*** Opening of Records for the exercise ***

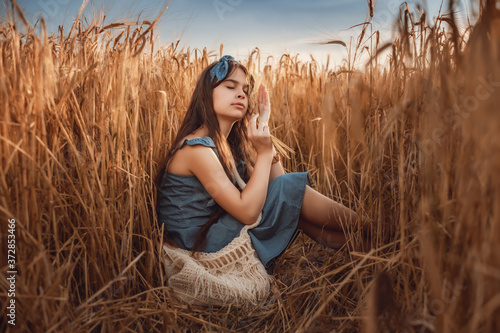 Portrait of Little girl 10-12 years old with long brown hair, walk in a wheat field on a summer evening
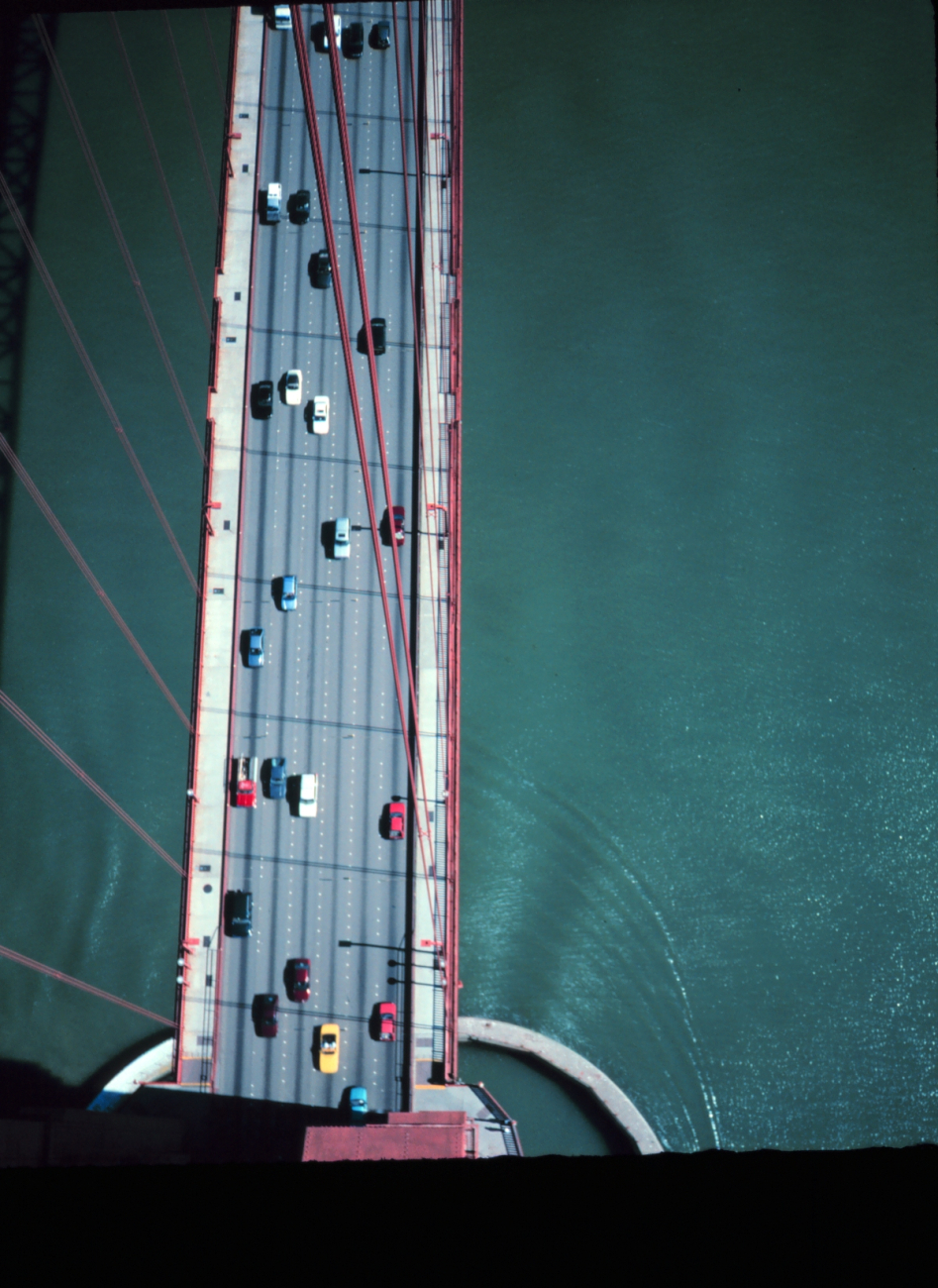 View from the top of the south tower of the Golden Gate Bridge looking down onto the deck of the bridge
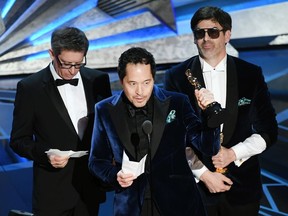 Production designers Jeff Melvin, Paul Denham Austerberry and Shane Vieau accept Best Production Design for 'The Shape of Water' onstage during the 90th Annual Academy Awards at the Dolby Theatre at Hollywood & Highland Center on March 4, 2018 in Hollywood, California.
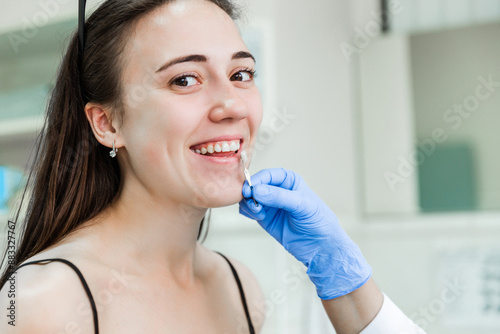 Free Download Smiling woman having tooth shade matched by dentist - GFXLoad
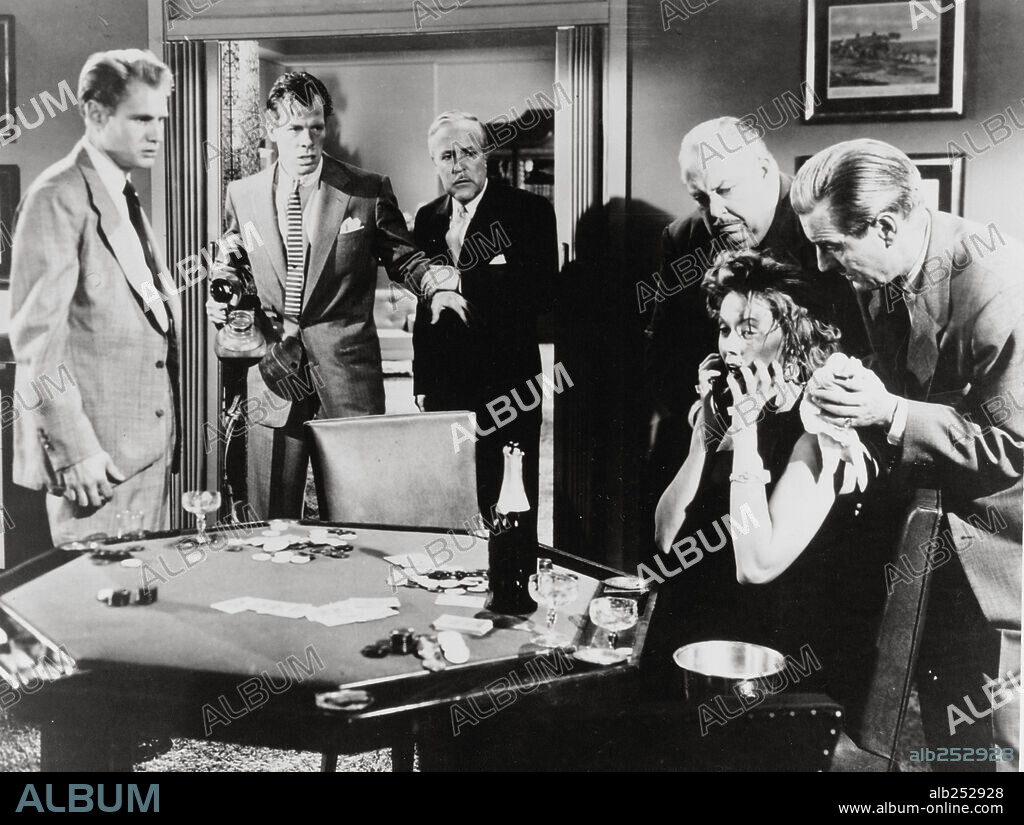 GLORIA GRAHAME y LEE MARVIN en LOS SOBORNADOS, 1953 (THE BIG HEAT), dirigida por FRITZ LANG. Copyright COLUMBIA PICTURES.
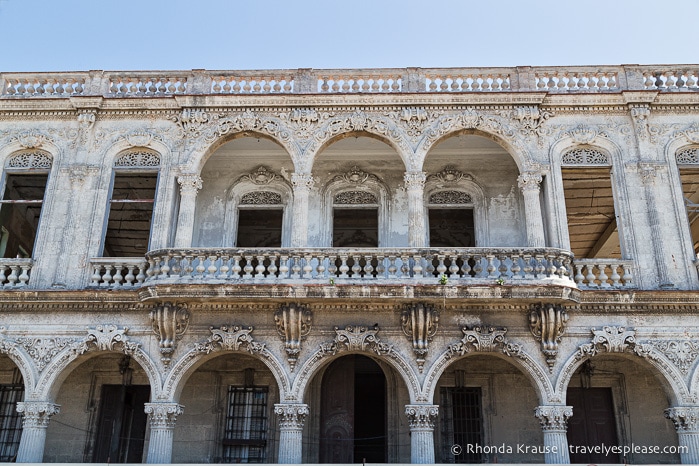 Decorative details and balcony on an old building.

*** Close of Records for the exercise ***
*** Opening of Records for the exercise ***

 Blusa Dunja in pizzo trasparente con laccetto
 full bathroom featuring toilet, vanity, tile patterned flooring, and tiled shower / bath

*** Close of Records for the exercise ***

Your goal
Leave out the images and write out the lines above exactly, from the one with "Production designers Jeff" up to and including the one with "Decorative details and".

Task response
 Production designers Jeff Melvin, Paul Denham Austerberry and Shane Vieau accept Best Production Design for 'The Shape of Water' onstage during the 90th Annual Academy Awards at the Dolby Theatre at Hollywood & Highland Center on March 4, 2018 in Hollywood, California.
 Free Download Smiling woman having tooth shade matched by dentist - GFXLoad
 GLORIA GRAHAME y LEE MARVIN en LOS SOBORNADOS, 1953 (THE BIG HEAT), dirigida por FRITZ LANG. Copyright COLUMBIA PICTURES.
 Decorative details and balcony on an old building.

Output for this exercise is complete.